1) It’s Nosy Parker Heaven


I’m quite an inquisitive person by nature, it’s the writer in me I guess or perhaps I’m just plain nosy. Aside from (subtly) peering into other people’s homes as and when I stroll pass, I love to eavesdrop and spy on what other people are eating in restaurants – I wonder whether they’re on a first date or a fifth, in a happy marriage, where they live, who they’ll become. Nosy, I tell you. The Ivy Norwich Brasserie, is great for nosy people like me. It’s stunning central, open-plan dinning room is lined with beautiful little nooks and some booth-style seating, which allows you to see most of the enormous room from wherever you’re seated.

2) The Perfumed Toilets


Now, everyone on Instagram is talking about and photographing the toilets at The Ivy, Norwich, and for good reason. They are stunning, a thing of beauty. (Rest assured, us Norwich folk do have decent loos across our land, it’s not just a shed and a pot in these parts.) But these loos… now they are worth at least a paragraph and a few pics. What these pics don’t show is how blinkin’ amazing they smell. I did of course enquire about the aroma. There were rumours among staff that the scent is from L’Occitane. So there you have it. A perfumed, pampered, place to preen, and far prettier than a pot!
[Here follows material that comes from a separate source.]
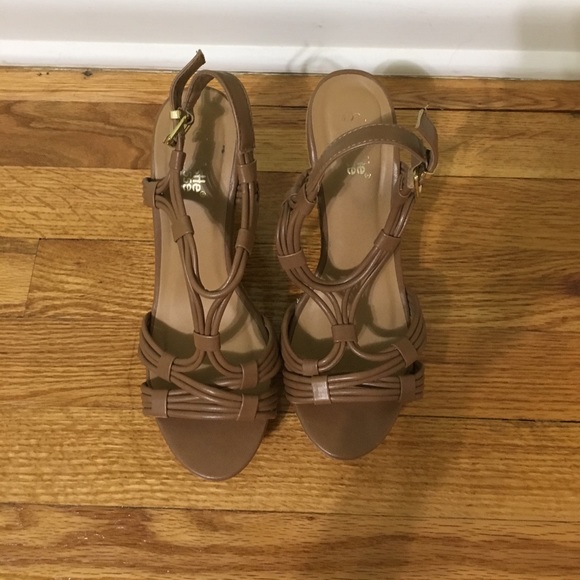 Strappy wedges - Picture 3 of 3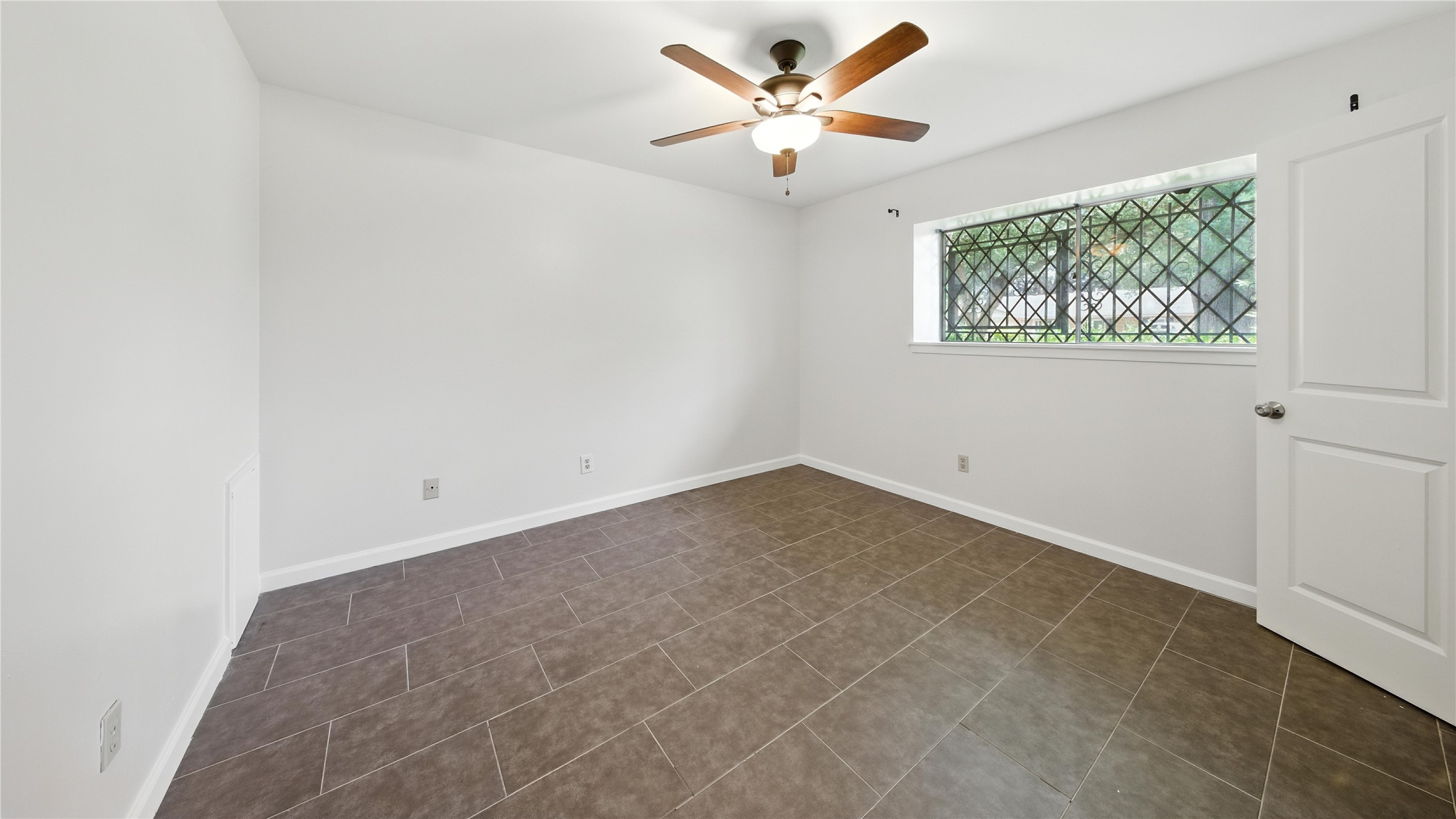 7323 Carew Street Property Photo 14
3) “Toto, I’ve a feeling we’re not in Kansas anymore.”


Forgive, the self-indulgent posing shot, I had tried to capture the mirrored hallway… 

As you’d expect, since its opening, The Ivy has brought a certain glamorous edge to London Street in Norwich. Yes the interior is shimmering, its renouned for its food – it is after all the great grand-child of its glamorous grandmother, The Ivy, Covent Garden.

But it’s not just the name, menu and interior that’s made its mark on our cobbled streets – there’s a new atmosphere that’s been brought to our fine city. Generally, most places you frequent in Norwich have a similar sort of feel to it but at The Ivy it feels different. I can only compare it to the same vibe you experience when out in London. For several minutes during our visit, I felt as though I wasn’t in Norfolk anymore. There was definitely a Wizard of Oz moment or two.

4) The Cordon Bleu Veggie


This entire menu is dedicated to veggie and vegan options alone! Bravo, The Ivy.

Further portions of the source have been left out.